Dear Steve,
I appreciate your thought provoking post. I have struggled my entire life trying to be a "good daughter" and love my hateful, narcissistic, emotionally strangling, neglectful, envious, destructive, self-centered, alcoholic, physically abusive mother and often hoped I would finally be loved by her in return.
I have often felt bereft of the most basic of human "rights" to be loved and cherished by one's own mother. I have alternated between trying to manipulate her to love me, trying to will her to love me, trying to perform well enough so she would love me, trying to deny my need for her love and finally, coming to terms with the reality that she will never be able to love me. I am learning to love and care for myself now, instead. I am finally becoming free of the crushing and debilitating need to hate her, to punish her, to rage at her and to escape from her. I am finally learning to actually "love" her. How you might ask? By understanding a fundamental definition of love is to "earnestly desire and actively seek" someone's welfare and well being.

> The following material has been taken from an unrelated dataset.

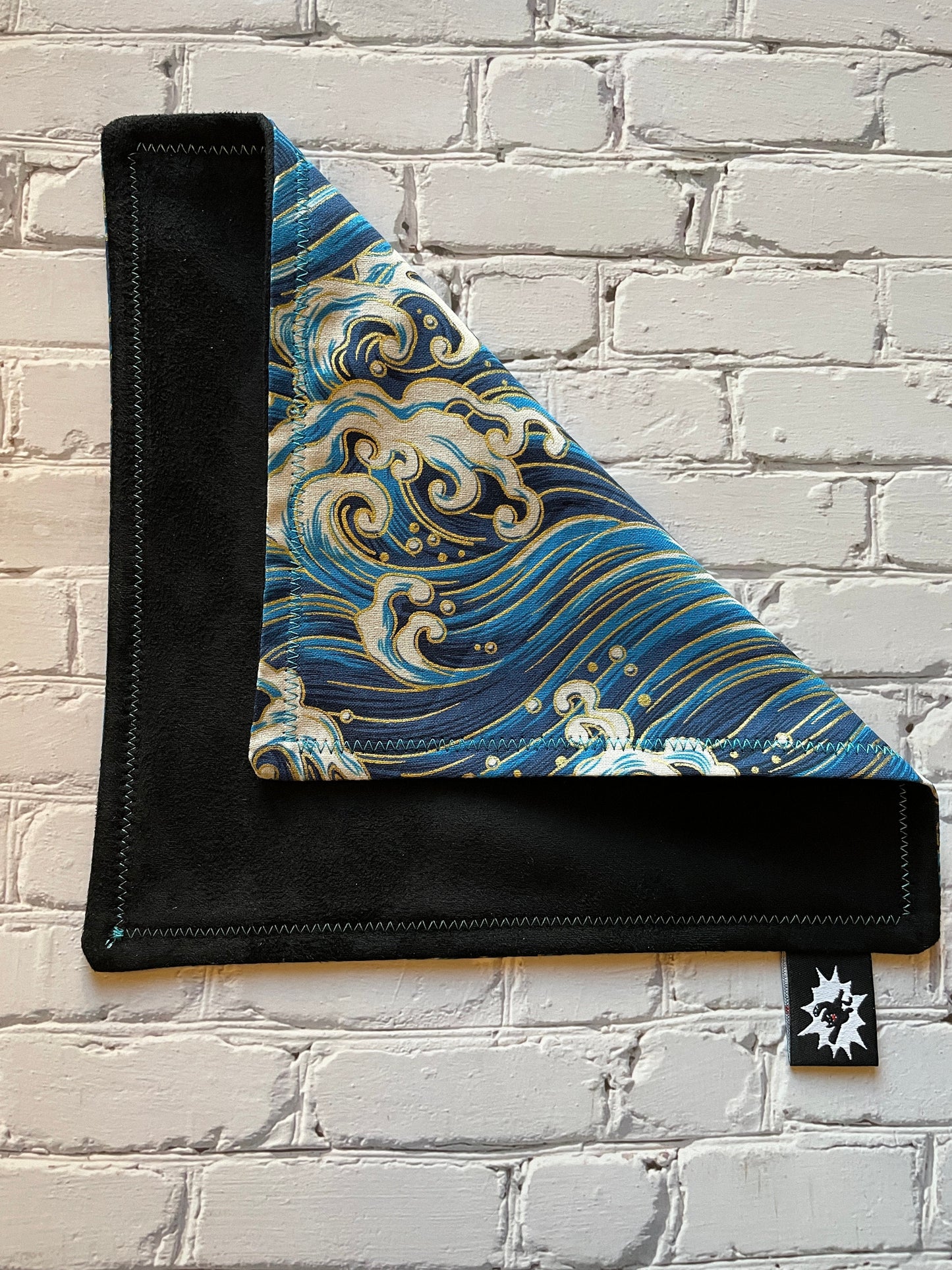 EDC Hank Set | Handkerchief for Every Day Carry |  Gear for EDC Organizer Pouch | Gift Set | Pocket Dump Combo Pack | Seigaiha Wave Blue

I can HONESTLY say I have these feelings toward her; I do seek her welfare, to the extent I do not damage my own. This is the simple, decent, civilized love of one human being for another and implies an understanding of the basic dignity and rights of all humans, not just the nice ones. This is the way I love my mother. There is no intimacy, no sharing, no nurturing, no true interaction, no connectedness, no caring exchange, no depth of love usually expressed by a healthy mother/child relationship; nevertheless, this is how I carry on.